At time when more and more housing units are being built in the city, a major contradiction is unfolding—the homeless population of the city is growing alongside the speculative boom. Most of the new units are being bought up by wealthy and institutional investors. Enormous profits are being made.

At the same time housing conditions for hundreds of thousands of the city’s poorest residents continue to decline. A report issued by the City’s Comptroller’s office this month noted:

“Between 2005 and 2017, rising rents led to the disappearance of 1.069 million apartments renting for $900 or less (in 2017 dollars) from the City’s housing inventory. The largest share of these units – 40 percent, or 428,000 apartments – saw their rents increase to between $1,051 and $1,500. Apartments renting for over $2,700 per month increased by approximately 238,000 units.”

Yet the Democrats who, for the most part, control the city and state, including the supposedly progressive major, Bill De Blasio, repeat the refrain that the resources to eliminate homelessness and house working people affordably are not available.

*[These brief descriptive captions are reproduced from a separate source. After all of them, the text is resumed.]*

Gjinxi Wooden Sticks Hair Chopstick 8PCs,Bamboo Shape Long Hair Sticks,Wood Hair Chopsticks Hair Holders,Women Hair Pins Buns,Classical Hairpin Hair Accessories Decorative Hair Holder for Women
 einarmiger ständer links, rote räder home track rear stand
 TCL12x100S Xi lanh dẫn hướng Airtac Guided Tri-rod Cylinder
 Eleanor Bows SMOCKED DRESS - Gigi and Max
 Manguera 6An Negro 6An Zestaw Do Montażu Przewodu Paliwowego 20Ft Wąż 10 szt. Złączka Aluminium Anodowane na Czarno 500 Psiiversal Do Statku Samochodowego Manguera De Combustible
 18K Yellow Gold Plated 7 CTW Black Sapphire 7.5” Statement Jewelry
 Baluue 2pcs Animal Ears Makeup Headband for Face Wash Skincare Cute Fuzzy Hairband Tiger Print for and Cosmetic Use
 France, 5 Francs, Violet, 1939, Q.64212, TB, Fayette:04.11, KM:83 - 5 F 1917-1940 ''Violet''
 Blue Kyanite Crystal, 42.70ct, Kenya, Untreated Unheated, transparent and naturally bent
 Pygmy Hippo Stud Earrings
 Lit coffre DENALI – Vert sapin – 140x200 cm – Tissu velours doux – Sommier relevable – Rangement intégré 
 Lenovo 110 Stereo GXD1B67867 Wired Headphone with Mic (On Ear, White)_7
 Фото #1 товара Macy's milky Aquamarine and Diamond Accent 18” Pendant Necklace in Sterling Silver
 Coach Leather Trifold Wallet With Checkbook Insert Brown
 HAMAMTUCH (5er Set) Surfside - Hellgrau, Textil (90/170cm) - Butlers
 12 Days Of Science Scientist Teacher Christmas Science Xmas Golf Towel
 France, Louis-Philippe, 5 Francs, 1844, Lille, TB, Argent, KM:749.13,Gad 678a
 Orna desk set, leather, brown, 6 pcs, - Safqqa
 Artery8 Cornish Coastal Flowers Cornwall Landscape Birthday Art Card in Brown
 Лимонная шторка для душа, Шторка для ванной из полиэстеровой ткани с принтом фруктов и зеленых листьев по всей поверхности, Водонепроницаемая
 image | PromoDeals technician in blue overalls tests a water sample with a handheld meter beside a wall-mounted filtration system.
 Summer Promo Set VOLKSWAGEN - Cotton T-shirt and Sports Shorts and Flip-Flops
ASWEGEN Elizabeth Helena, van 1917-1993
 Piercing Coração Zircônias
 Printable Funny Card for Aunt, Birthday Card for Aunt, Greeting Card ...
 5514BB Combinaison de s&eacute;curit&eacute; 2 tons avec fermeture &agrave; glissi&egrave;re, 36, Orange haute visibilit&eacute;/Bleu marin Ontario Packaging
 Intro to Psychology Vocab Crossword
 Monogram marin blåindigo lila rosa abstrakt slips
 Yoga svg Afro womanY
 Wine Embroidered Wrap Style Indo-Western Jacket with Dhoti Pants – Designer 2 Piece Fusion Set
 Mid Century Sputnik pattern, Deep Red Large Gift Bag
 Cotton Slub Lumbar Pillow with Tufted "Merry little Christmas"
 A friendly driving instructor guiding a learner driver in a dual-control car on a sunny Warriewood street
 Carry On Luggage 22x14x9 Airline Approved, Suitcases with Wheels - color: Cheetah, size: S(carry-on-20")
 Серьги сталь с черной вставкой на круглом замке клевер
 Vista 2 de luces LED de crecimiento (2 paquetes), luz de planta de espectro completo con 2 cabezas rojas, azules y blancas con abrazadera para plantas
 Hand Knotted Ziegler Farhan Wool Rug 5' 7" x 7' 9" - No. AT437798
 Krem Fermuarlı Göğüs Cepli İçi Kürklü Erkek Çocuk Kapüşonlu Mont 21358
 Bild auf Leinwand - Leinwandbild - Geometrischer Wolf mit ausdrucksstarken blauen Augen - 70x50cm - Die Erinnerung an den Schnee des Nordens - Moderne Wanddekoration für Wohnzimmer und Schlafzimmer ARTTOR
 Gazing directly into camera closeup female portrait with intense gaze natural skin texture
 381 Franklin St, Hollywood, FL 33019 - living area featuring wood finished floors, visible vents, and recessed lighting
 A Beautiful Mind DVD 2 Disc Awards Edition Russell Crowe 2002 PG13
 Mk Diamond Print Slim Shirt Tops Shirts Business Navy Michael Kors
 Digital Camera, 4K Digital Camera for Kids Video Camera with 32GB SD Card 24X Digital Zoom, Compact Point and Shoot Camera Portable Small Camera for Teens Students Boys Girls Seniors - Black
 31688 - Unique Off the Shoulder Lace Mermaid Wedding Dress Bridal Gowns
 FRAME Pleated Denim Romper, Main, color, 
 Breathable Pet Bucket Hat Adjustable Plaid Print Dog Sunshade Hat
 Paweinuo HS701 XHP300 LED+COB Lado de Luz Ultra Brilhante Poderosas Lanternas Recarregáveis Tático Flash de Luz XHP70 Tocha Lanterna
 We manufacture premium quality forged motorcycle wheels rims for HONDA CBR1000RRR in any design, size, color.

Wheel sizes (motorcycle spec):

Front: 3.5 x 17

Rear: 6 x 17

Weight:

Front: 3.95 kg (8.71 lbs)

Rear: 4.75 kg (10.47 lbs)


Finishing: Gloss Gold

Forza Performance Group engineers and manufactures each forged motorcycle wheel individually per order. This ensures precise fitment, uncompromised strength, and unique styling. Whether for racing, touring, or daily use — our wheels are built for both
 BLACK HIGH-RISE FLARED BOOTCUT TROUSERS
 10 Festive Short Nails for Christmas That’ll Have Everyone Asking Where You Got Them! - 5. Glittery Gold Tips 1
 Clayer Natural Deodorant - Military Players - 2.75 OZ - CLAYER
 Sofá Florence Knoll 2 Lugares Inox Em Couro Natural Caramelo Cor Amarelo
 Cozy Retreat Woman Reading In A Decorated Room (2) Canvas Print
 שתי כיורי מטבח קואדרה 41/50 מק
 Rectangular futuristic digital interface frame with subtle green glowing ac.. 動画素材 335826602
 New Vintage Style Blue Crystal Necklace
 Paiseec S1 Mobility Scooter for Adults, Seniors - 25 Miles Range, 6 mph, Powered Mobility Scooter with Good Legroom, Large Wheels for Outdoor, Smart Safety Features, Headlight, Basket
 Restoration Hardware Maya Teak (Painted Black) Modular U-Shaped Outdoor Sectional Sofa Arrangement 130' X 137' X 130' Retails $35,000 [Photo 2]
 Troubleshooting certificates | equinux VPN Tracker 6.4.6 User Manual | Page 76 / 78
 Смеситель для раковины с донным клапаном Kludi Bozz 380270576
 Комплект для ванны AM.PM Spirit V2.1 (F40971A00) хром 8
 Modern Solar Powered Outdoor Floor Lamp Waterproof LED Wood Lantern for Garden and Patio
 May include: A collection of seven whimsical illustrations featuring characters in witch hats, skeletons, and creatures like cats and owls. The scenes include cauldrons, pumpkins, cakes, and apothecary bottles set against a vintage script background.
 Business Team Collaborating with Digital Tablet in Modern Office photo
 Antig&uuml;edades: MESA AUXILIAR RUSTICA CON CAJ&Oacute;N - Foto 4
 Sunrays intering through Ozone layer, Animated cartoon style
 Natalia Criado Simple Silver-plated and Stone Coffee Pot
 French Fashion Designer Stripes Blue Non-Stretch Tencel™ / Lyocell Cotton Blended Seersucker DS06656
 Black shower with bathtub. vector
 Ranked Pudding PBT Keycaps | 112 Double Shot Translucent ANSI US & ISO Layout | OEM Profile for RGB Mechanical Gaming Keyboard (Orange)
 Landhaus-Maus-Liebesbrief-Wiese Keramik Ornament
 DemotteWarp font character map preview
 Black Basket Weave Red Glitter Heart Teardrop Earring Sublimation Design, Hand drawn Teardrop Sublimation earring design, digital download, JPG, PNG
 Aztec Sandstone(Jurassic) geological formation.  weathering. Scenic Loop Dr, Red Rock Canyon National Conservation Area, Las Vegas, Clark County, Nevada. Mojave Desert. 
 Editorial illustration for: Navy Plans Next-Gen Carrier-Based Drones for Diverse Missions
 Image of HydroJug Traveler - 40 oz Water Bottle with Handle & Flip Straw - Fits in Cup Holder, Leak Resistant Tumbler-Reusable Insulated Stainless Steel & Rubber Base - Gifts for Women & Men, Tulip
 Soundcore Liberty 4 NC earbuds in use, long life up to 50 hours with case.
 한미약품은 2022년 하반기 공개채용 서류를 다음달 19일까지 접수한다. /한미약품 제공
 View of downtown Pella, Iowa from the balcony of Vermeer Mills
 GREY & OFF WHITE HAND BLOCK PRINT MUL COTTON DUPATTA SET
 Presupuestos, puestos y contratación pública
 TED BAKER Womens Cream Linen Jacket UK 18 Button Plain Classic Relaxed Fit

Under a capitalist system in an advanced state of decay, they are correct. The solution to the housing crisis that no section of the Democratic Party can propose lies in the reorganization of society by the working class along socialist lines, confiscating the huge fortunes made on Wall Street, and allocating them to meet the basic requirements of the mass of the population. Housing is a basic human need and must be treated as such; it is not something which can be left up to the profit system to provide.